Please allow me to introduce myself, I'm a girl of wealth and taste

and I've been around for a long, long year. And this year has been an exciting year for us girls (Gracie and Stevie, hope you don't mind that I'm talking for you as well), filled with good music, groovy parties and handsome boys. But today we got some sad news: one of our favourite bands, Dirty Pretty Things, has decided to call it a day. Horrible. So, in their honour, we decided to start this blog and name it after one of their finest songs, Truth Begins, from their splendid album "Romance at Short Notice". It's been a long time since I've listened to a new album and not been able to stop listening. But now Carl has decided to be a fucking movie-star, so what to do?
Anyhow, I will stop mourning now and tell you about the five albums I've been listening to the most this last month, cause I know that you'd kill for that information. And I love doing lists, so you'll get more of those, I promise.

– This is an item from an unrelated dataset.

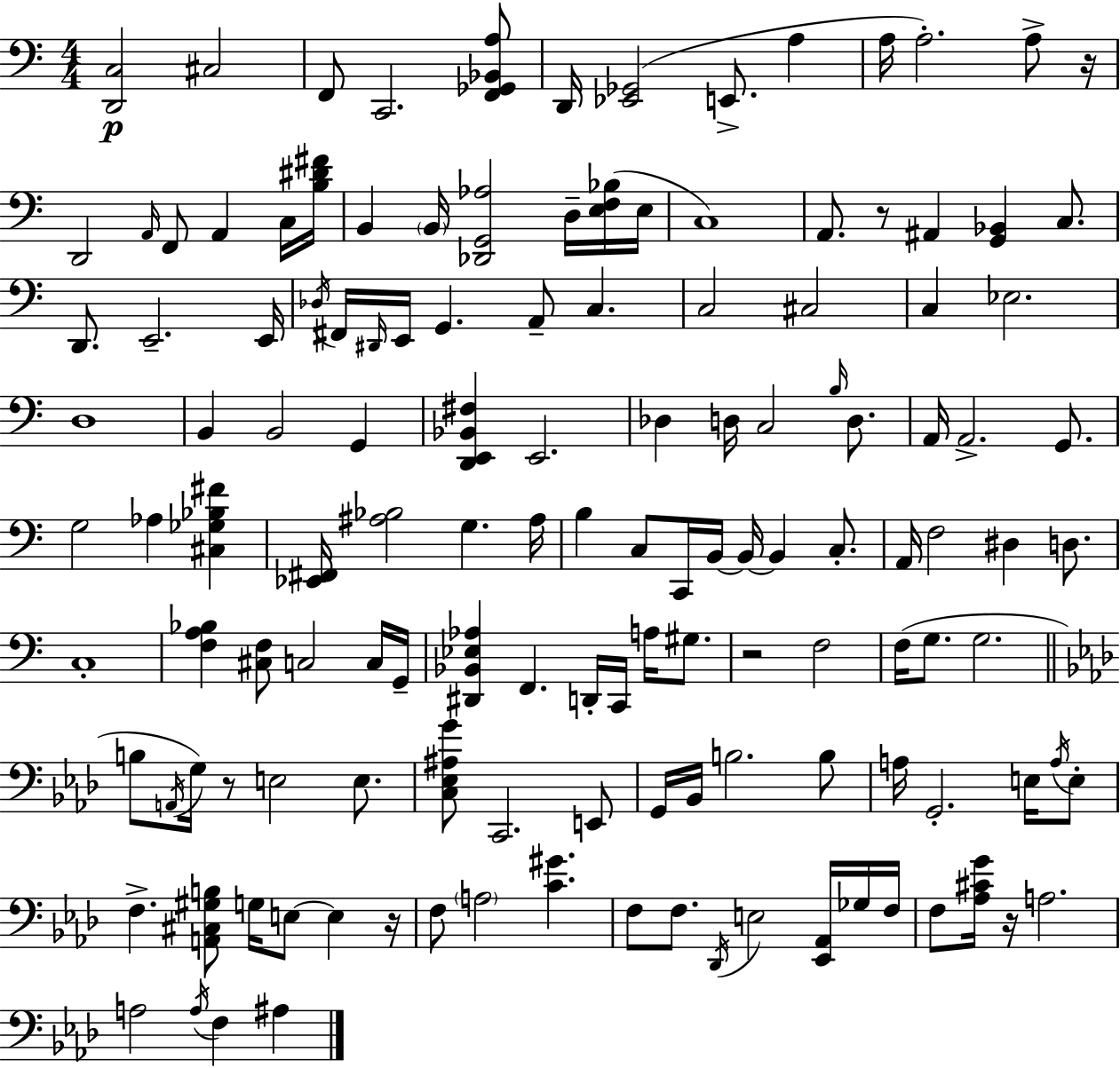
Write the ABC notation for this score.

First, of course: Dirty Pretty Things - Romance at short notice. It's pure sex, pure genius, pure soul - it has everything.

Second; Jackson Browne - For Everyman. Seriously, how can this album just show up from my collection, begging for my attention and then spin for at least three times a day? Is there a secret message in it that fucks with my brain and takes over my soul? I don't know, but I love it.

Third: Glasvegas - Glasvegas. I don't always understand these glaswegians, but when I do I think it's fantastic. And when I don't I just make up words in my head, it works fine.

Fourth: Kings of Leon - Only by the night. If DPT's album is pure sex this is pure SEX. Not their best one, but definitely good enough for me.

Fifth: Roses Kings Castles - Roses Kings Castles. Babyshambles' drummer Adam Ficek's solo-album and it sounds like it's straight out of the 60's! Very dry sound, very lo-fi and very catchy melodies.

So, just FYI, this is NOT a typical Debbie-list, it's not that I have a thing for pretty boys with a lovely accent. Just so you know.